This is particularly apparent in participants’ dating lives. Thirty-three year-old Shinji is now married but paid great attention to his grooming during his single life as an undergraduate student in Tokyo. He was particular about his hairstyle, especially the proportion of thickness at the back which saw him frequent a famous, ‘top stylist’ in the trendy Harajuku neighbourhood. He bought clothes that were more expensive and stylish. He was a ‘young guy … I mean, I wanted to be popular, I wanted to go girl hunting (gāru hanto), I wanted to go on dates. So I cared about my appearance’. Ironically, when he first met his wife-to-be, he was wearing sandals which she thought made him look slovenly (darashi nai) and careless about his self presentation (according to him, though, these sandals were then fashionable). Nonetheless, it is clear that Shinji considers good grooming–what he described as ‘what I felt looked good for me’ (jibun ga ii na-ppoi)–important to be popular when ‘girl hunting’. In describing his grooming choices in terms of what he felt looked good also highlights that it is ultimately the man himself who must gauge women’s preferences, a point to which I return at the end of this section.

The naked body, too, is important, as illustrated by twenty-two year-old Keisuke who has recently begun full-time work at a large manufacturing company after graduating from a university in the USA. Despite his young age, he had a particularly strong desire for marriage. On the several occasions we met, he seemed to be testing the waters with different women; he even had a date scheduled for after our meeting. Keisuke is passionate about building his muscles at the gym, a pursuit that began while living in the USA where he felt pressure from large-muscled and smooth-skinned sportsmen and movie stars–in particular, Daniel Craig in James Bond or Captain America–as well as his male peers. ‘Women don’t like skinny guys. In order to get a girlfriend, you have to be on the same level as others. You know, I won’t be taken seriously. People will just make fun of me if I’m skinny’. To illustrate, he showed a photo from the fashion magazine for men in their teens and 20 s, men’s non-no, of a thin male model with long hair and wearing a baggy white sweatshirt, describing him as ‘unhealthy’. By contrast,

You know, like, in a Hollywood movie, I have to say that, they have the sex scene, right? With the naked guy and the naked girl. And the naked guy has like perfect body shape–everyone has a Cristiano Ronaldo body shape. And then I think that’s how sex should be [laughs], right? And then I come to Japan, and then, talk with my friends about those things, I mean–they, those friends have girlfriends, but their bodies like this! Skinny, so skinny, I can see their bones here! [points at ribs] And then, like, okay, you guys have sex with that body?

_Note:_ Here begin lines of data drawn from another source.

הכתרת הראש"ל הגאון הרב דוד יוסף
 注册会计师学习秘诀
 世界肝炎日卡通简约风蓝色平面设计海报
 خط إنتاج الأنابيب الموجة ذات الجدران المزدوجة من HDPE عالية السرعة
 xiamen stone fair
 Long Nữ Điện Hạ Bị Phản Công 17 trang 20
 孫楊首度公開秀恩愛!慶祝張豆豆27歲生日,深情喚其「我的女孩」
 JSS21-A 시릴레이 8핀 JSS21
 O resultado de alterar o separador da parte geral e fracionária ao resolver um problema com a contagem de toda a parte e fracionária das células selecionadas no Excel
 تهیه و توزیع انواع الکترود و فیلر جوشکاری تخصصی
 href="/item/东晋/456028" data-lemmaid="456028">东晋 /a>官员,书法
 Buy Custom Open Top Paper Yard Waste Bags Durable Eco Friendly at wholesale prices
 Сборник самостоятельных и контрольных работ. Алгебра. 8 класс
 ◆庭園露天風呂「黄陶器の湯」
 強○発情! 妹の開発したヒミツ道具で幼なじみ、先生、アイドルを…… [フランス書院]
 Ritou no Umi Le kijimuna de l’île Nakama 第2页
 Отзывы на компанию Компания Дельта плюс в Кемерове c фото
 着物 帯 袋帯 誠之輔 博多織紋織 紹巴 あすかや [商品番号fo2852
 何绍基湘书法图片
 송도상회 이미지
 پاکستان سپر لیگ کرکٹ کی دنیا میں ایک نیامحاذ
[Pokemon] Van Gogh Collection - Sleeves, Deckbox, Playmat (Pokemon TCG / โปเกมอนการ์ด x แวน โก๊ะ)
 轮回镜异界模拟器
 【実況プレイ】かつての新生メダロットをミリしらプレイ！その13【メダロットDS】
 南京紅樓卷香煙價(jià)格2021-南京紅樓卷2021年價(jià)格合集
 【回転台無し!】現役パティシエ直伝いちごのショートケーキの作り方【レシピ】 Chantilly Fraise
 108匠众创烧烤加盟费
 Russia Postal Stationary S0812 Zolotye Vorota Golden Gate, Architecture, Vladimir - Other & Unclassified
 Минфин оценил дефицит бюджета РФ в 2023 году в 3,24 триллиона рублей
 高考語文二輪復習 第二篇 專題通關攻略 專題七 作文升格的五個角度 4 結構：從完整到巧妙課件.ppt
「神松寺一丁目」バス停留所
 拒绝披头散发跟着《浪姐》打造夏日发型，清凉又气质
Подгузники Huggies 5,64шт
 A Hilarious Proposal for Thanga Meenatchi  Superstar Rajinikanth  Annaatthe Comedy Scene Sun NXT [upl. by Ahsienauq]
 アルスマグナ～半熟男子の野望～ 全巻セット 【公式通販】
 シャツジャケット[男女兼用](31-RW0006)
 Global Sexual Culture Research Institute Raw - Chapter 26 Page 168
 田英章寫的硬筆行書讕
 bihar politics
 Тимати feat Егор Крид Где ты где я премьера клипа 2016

Like, so gross. So uncool … looks really unhealthy, this is like – girls won’t fuck that.

Keisuke’s reference for women’s preferences is literally fiction, in the form of Hollywood movies that show various muscled men who supposedly trump the ‘gross’, sexually undesirable skinny bodies of his Japanese friends. Drawing on foreign figures resonates with James Roberson’s (Citation2005) analysis of energy drinks where the author argues that incorporating imagery of foreign muscled men such as Bruce Lee into Japanese energy drink advertisements signals greater acceptance of external power in the context of an ailing economy. If the popularity among women of slender pop-idol physiques is anything to go by (Monden Citation2020), Keisuke’s equating skinny bodies with weakness and undesirability may buck the trend. Yet, while individuals’ standards may differ, Keisuke understands his body in terms of its sexual desirability among the women he had been seeing. Apart from body shape, for Keisuke there are very few ways to optimise bodily grooming when going on dates. Having to work during the day inhibits participants’ fashion choices and for many their grooming on a blind, group date (gōkon) is essentially identical to meeting business clients, minus the neck tie. This is permissible on weekdays, whereas on weekends participants dress more casually such as in chinos, jeans, blazers or sweaters, depending on the type of date. In contrast, no matter the day of the week, sex or its potentiality is a reason for closer bodily care.

I asked Takeshi and Hideyo, introduced above, if they do any particular grooming before going on dates. This prompted Takeshi to raise the importance of hairlessness. In addition to protruding nose hairs and eyebrow shaping, he makes sure to shave or clip the hair in more sensitive areas. These practices began during his university days when his male peers would be clean shaven to win approval from their female friends. Takeshi’s aspiration was to look like the smooth-skinned Japanese idol Nagase Ren. Unfortunately, however, his hair became thicker and thicker and nowadays, the night before a date, he shaves his leg hair with a pair of clippers in the bath, particularly on the thighs, around his nipples and navel, and trims his pubic hair. ‘Going on a date, ultimately, well, sex – there’s the potential of having sex so I want to enjoy that. When that happens, I want to look cool (kakko yoku miraretai)’.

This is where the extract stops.